[Autoimmune encephalitis in pediatric population].

Autoimmune encephalitis can be defined as central nervous system inflammation, secondary to multiple causes, where we can possibly identify the formation of auto-antibody against neurotransmitter receptors or neuronal surface proteins. Approximately 50% of patients are seropositive; the auto-antibody against N-methyl-D-aspartate receptor (NMDAR) are the most common. In the pediatric population, the clinical presentation is characterized by movement disorders and seizures, psychiatric manifestations are more commonly found in young adults.
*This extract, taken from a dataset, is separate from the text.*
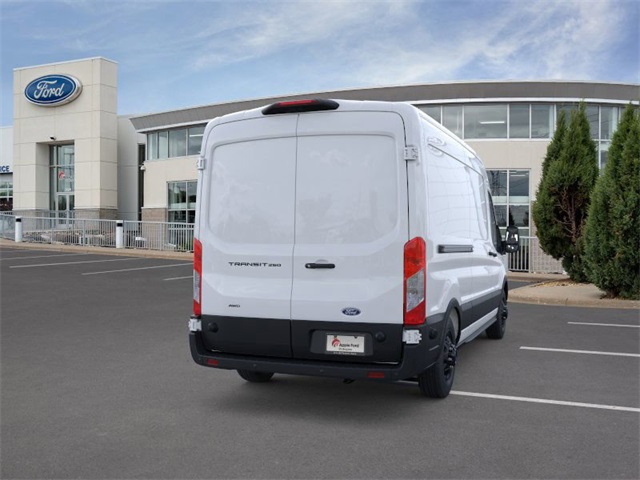 New 2026 Ford Transit 250 - photo 11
An early intervention is associated with a better prognosis in these patients. In contrast to the seropositive group, seronegative autoimmune encephalitis is linked with less movement alterations and is related with a worse cognitive outcome. Much remains to be discovered about possible etiologies, molecular processes, detection, and interaction of yet undescribed antibodies,as well as increasing our knowledge about clinical manifestations in early disease and new diagnostic techniques that could improve the diagnosis of autoimmune encephalitis. The main goal of this document is to review the updates of the molecular field about the antibody against GluK2 and its clinical presentation in pediatric population; COVID-19 as a possible cause of autoimmune encephalitis; recognize the importance of psychiatric manifestation in early disease, especially catatonia as a marker of severity; additionally consider new imaging diagnostic method such as positron emission tomography (PET), which has shown to be more sensible than MRI (goal standard).